(WORK TO BE COMPLETED)
Could you return each entry below exactly as written, minus any pictures?

(TASK INPUT)
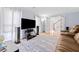 Inviting living room with hardwood floors, a modern entertainment center, and comfortable seating at 3123 Westbrook Trce, Lawrenceville, GA 30044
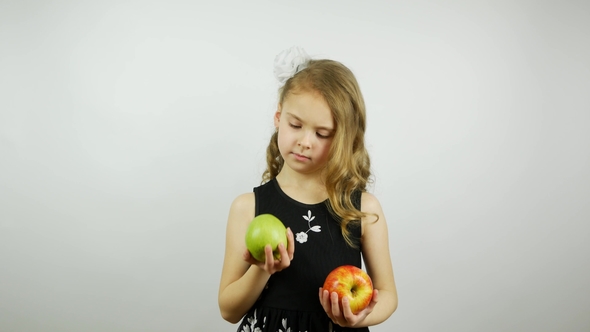 The Girl Wonders Which Apple To Choose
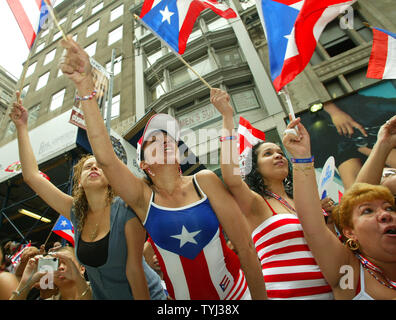 Crowds cheer as singer Ricky Martin passes by during the 50th National Puerto Rican Day parade which takes place along Fifth Avenue on June 10, 2007 in New York City. The annual event draws thousands of spectators and features dancers, marching bands and floats. (UPI Photo/Monika Graff) Stock Photo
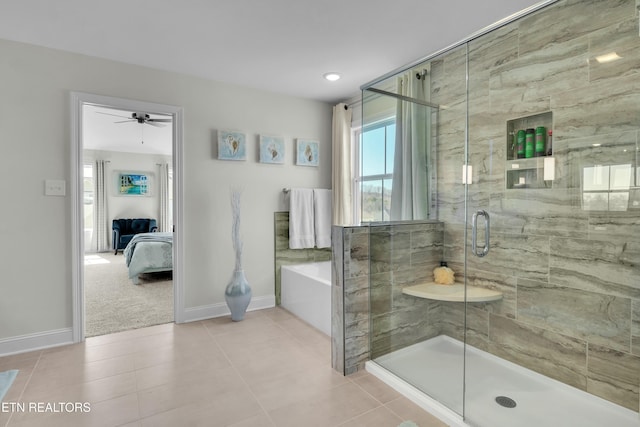 ensuite bathroom with a stall shower, connected bathroom, tile patterned flooring, baseboards, and a bath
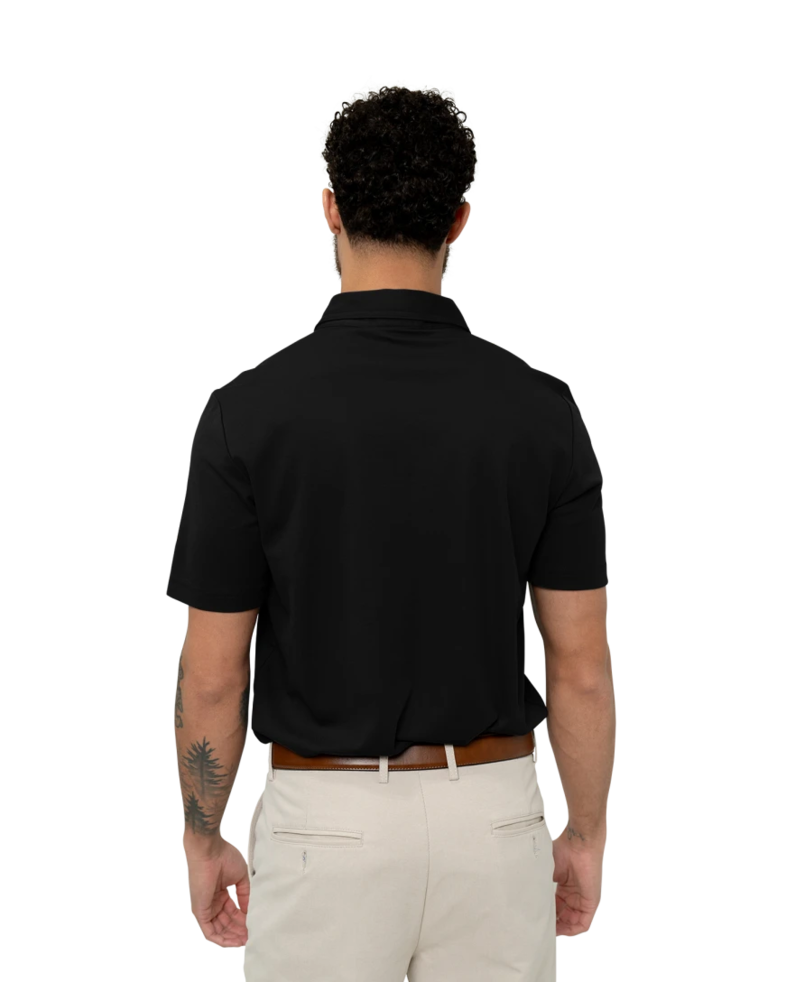 Image of a model wearing a TM1MU411 TravisMathew Oceanside Solid Polo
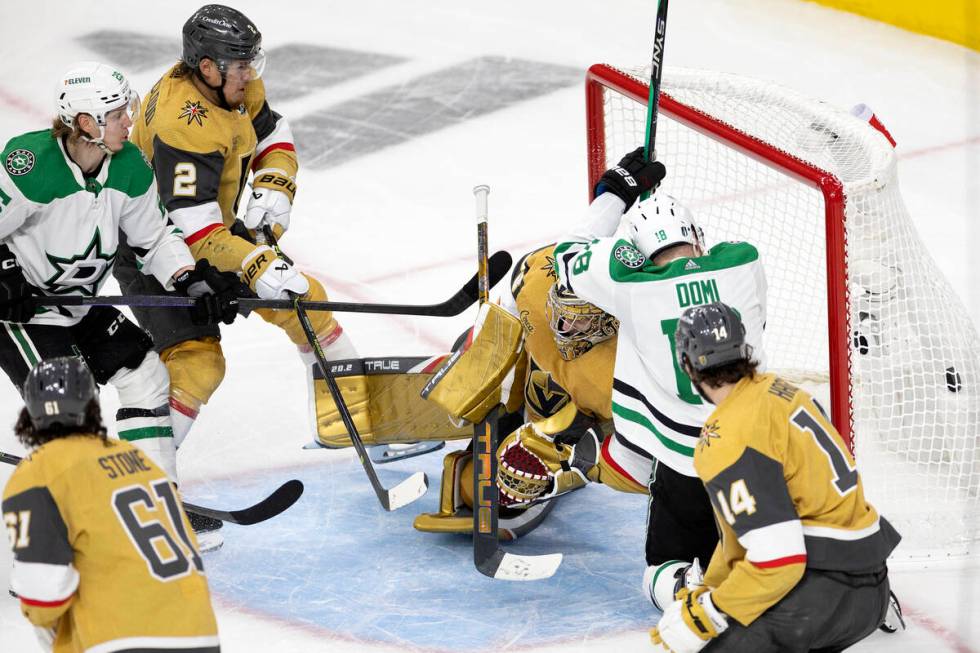 Golden Knights goaltender Adin Hill can’t save a shot by Dallas Stars center Ty Dellandr ...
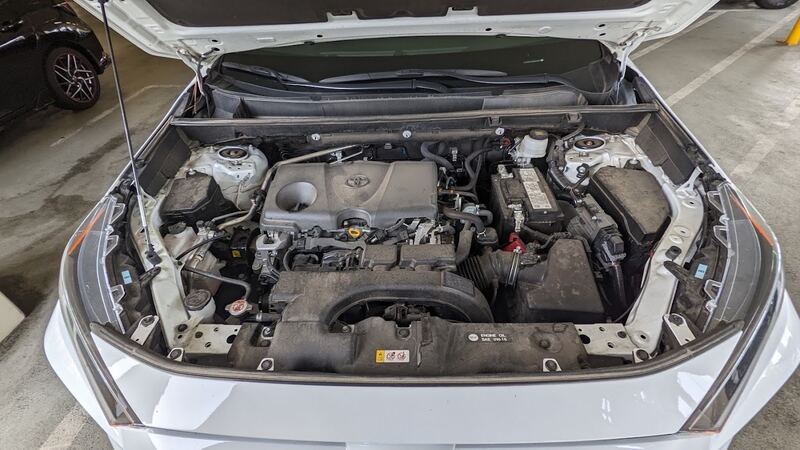 2021 Toyota RAV4 engine bay with the hood open and the 12-volt battery visible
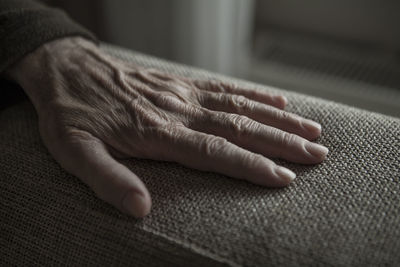 Close-up of person hand on armrest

(TASK RESPONSE)
 Inviting living room with hardwood floors, a modern entertainment center, and comfortable seating at 3123 Westbrook Trce, Lawrenceville, GA 30044
 The Girl Wonders Which Apple To Choose
 Crowds cheer as singer Ricky Martin passes by during the 50th National Puerto Rican Day parade which takes place along Fifth Avenue on June 10, 2007 in New York City. The annual event draws thousands of spectators and features dancers, marching bands and floats. (UPI Photo/Monika Graff) Stock Photo
 ensuite bathroom with a stall shower, connected bathroom, tile patterned flooring, baseboards, and a bath
 Image of a model wearing a TM1MU411 TravisMathew Oceanside Solid Polo
 Golden Knights goaltender Adin Hill can’t save a shot by Dallas Stars center Ty Dellandr ...
 2021 Toyota RAV4 engine bay with the hood open and the 12-volt battery visible
 Close-up of person hand on armrest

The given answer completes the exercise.